* _TASK DETAILS_: The stretch from the line with "Hollister Blue and Green Faded Crew Neck Tee" through the line with "925 Sterling Silver" in the records below: write it out exactly, and nothing else.

* _GIVEN INFORMATION_:
_ _ _

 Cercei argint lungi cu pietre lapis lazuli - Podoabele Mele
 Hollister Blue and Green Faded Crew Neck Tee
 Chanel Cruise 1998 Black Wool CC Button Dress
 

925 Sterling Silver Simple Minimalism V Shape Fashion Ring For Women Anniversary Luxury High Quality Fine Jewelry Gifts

_ _ _

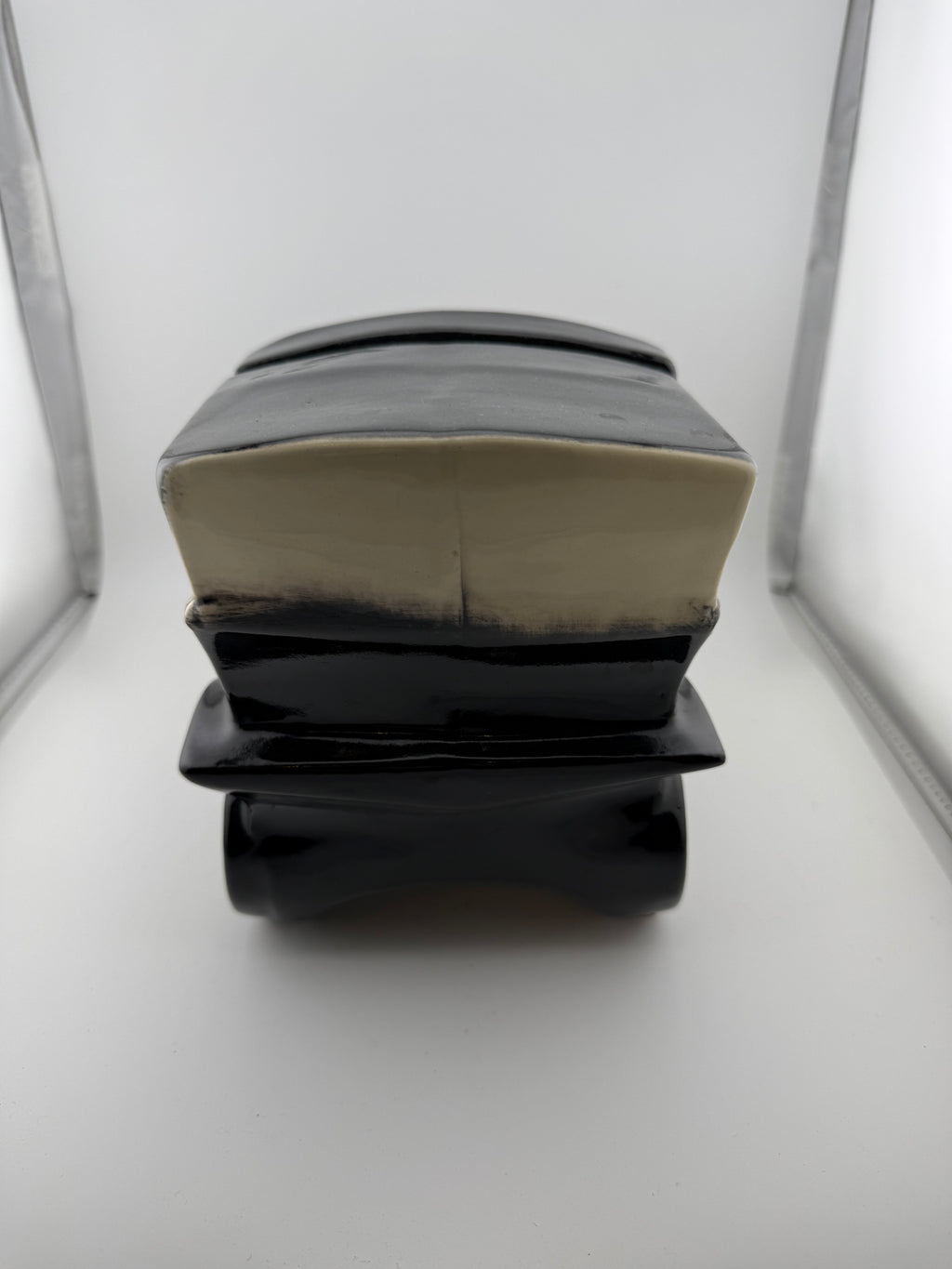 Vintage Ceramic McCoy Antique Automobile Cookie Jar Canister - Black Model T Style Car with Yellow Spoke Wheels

_ _ _

* _FINISHED TASK_:
 Hollister Blue and Green Faded Crew Neck Tee
 Chanel Cruise 1998 Black Wool CC Button Dress
 

925 Sterling Silver Simple Minimalism V Shape Fashion Ring For Women Anniversary Luxury High Quality Fine Jewelry Gifts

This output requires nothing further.